Data entries:
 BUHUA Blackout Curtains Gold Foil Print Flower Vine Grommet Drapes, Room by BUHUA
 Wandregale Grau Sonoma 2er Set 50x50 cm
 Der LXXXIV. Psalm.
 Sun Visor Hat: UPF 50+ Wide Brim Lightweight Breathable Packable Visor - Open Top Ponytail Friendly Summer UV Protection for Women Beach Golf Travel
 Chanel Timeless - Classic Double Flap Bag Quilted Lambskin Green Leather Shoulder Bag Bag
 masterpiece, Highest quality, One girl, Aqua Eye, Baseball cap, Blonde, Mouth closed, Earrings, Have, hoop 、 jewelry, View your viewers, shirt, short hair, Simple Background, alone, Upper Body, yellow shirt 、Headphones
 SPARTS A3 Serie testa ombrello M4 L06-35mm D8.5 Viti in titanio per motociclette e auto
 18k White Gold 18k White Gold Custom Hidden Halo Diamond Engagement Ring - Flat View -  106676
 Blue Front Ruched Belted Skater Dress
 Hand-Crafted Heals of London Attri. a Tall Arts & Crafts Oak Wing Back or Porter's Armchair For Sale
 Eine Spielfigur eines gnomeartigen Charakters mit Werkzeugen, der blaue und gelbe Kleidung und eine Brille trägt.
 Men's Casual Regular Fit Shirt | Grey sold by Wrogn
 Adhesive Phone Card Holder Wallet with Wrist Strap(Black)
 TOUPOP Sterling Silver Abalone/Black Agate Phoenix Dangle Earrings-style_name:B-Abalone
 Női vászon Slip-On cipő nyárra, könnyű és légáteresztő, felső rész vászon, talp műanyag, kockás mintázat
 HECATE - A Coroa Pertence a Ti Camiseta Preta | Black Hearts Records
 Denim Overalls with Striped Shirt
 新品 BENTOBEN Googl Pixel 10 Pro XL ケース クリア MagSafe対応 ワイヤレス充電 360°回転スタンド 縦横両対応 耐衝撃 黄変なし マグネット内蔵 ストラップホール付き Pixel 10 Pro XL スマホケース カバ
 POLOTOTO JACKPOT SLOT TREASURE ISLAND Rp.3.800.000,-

What is being asked:
The answer is the full set of records above, repeated exactly.

Solution to this problem:
 BUHUA Blackout Curtains Gold Foil Print Flower Vine Grommet Drapes, Room by BUHUA
 Wandregale Grau Sonoma 2er Set 50x50 cm
 Der LXXXIV. Psalm.
 Sun Visor Hat: UPF 50+ Wide Brim Lightweight Breathable Packable Visor - Open Top Ponytail Friendly Summer UV Protection for Women Beach Golf Travel
 Chanel Timeless - Classic Double Flap Bag Quilted Lambskin Green Leather Shoulder Bag Bag
 masterpiece, Highest quality, One girl, Aqua Eye, Baseball cap, Blonde, Mouth closed, Earrings, Have, hoop 、 jewelry, View your viewers, shirt, short hair, Simple Background, alone, Upper Body, yellow shirt 、Headphones
 SPARTS A3 Serie testa ombrello M4 L06-35mm D8.5 Viti in titanio per motociclette e auto
 18k White Gold 18k White Gold Custom Hidden Halo Diamond Engagement Ring - Flat View -  106676
 Blue Front Ruched Belted Skater Dress
 Hand-Crafted Heals of London Attri. a Tall Arts & Crafts Oak Wing Back or Porter's Armchair For Sale
 Eine Spielfigur eines gnomeartigen Charakters mit Werkzeugen, der blaue und gelbe Kleidung und eine Brille trägt.
 Men's Casual Regular Fit Shirt | Grey sold by Wrogn
 Adhesive Phone Card Holder Wallet with Wrist Strap(Black)
 TOUPOP Sterling Silver Abalone/Black Agate Phoenix Dangle Earrings-style_name:B-Abalone
 Női vászon Slip-On cipő nyárra, könnyű és légáteresztő, felső rész vászon, talp műanyag, kockás mintázat
 HECATE - A Coroa Pertence a Ti Camiseta Preta | Black Hearts Records
 Denim Overalls with Striped Shirt
 新品 BENTOBEN Googl Pixel 10 Pro XL ケース クリア MagSafe対応 ワイヤレス充電 360°回転スタンド 縦横両対応 耐衝撃 黄変なし マグネット内蔵 ストラップホール付き Pixel 10 Pro XL スマホケース カバ
 POLOTOTO JACKPOT SLOT TREASURE ISLAND Rp.3.800.000,-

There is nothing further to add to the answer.